The praxis originates from the Lettrist technique of hypergraphics which was applied to architecture by the Lettrist International (LI). The UU critique of urbanism was further developed in the 1950s by the LI, consisting of a range of practices including but not limited to:

  • The situation
  • The dérive (drift)
  • Psychogeography
  • Detournement
  • industrial painting
  • recuperation
  • Revolution

The critical practice continued to be developed by the Situationists and others. It was largely abandoned for the Debordian theory of the spectacle after the Second Situationist International and Situationist Antinational were formed. London based evoL Psychogeographix is one of the few groups openly practicing unitary urbanism today.
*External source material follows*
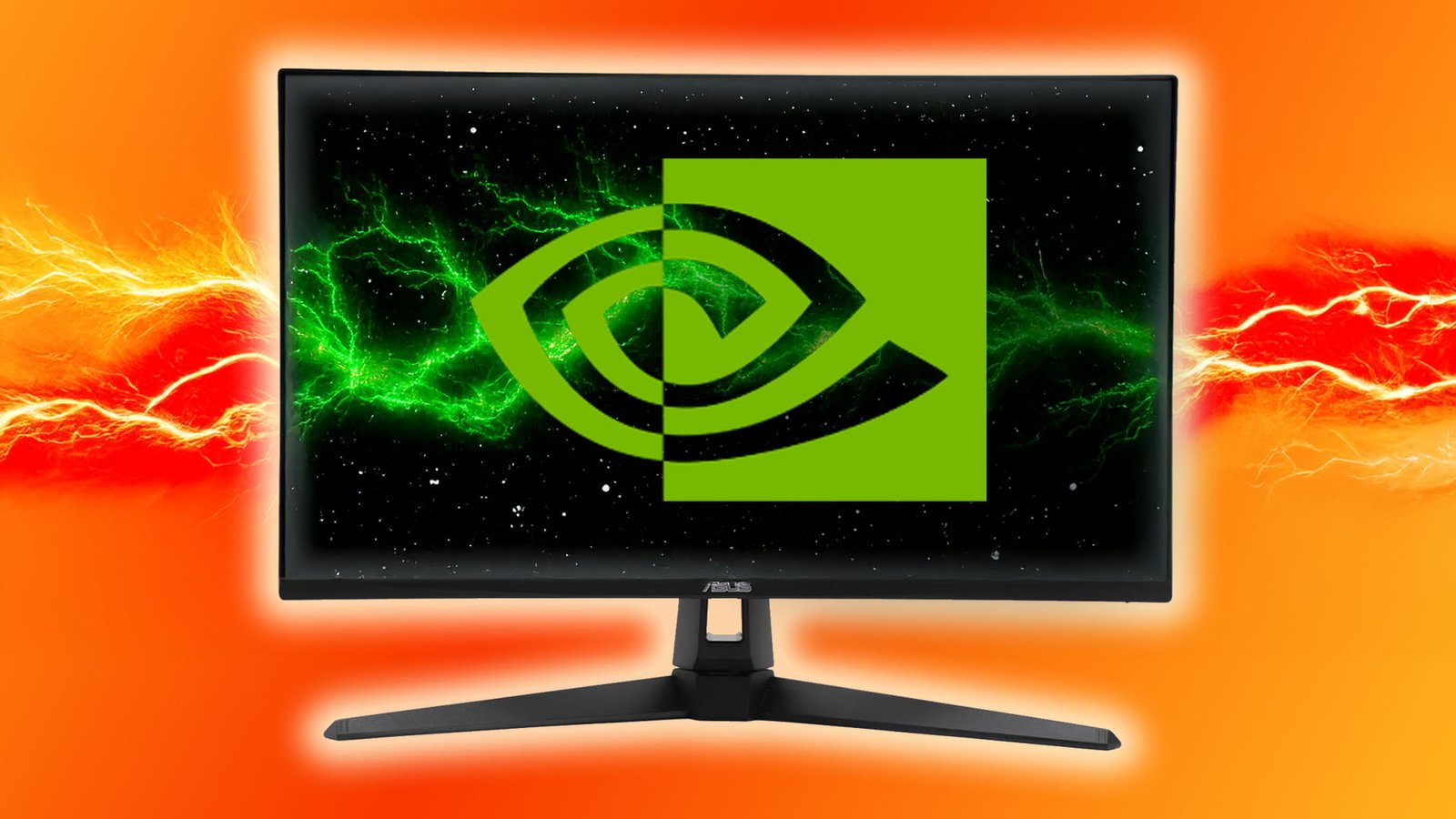 This $229 Asus 1440p gaming monitor deal is amazing, supports Nvidia G-Sync at 240Hz, ELMB, and more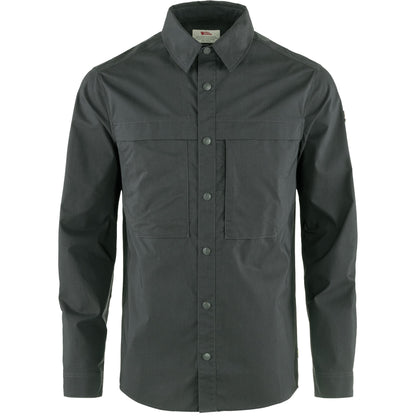ABISKO TRAIL SHIRT LS M - US 7959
Unitary Urbanism was announced as a very specific praxis at the Alba platform between the Lettrist International and the International Movement for an Imaginist Bauhaus. In his Address to the Alba Conference of September 1956, the Lettrist International Delegate Gil J Wolman announced: "A unitary urbanism — the synthesis of art and technology that we call for — must be constructed according to certain new values of life, values which now need to be distinguished and disseminated." . This mode of urban practice was also called for in a tract distributed during a demonstration by Lettrists in Turin, Italy in December 1956.

Constant Nieuwenhuys and Guy Debord disagreed about the praxis, issuing the designation "the complex, ongoing activity which consciously recreates man's environment according to the most advanced conceptions in every domain," however the widening gulf between Nieuwenhuys' "structural" approach and Debord's focus on "content" eventually lead to Nieuwenhuy's split from the SI in 1960 .

Unitary urbanism, one of the major early Situationist concerns, stands on two tenets:

  • The rejection of the standard Euclidean, almost wholly functional approach to urban architectural design, and
  • The rejection of the compartmentalized way in which "art" is typically detached from its surroundings.

In the relative utopia of the UU ideal, the structural and artistic elements of human's metropolitan surroundings are blended into such grey area that one cannot identify where function ends and play begins. The resulting society, while it caters to fundamental needs, does so in an atmosphere of continual exploration, leisure, and stimulating ambience.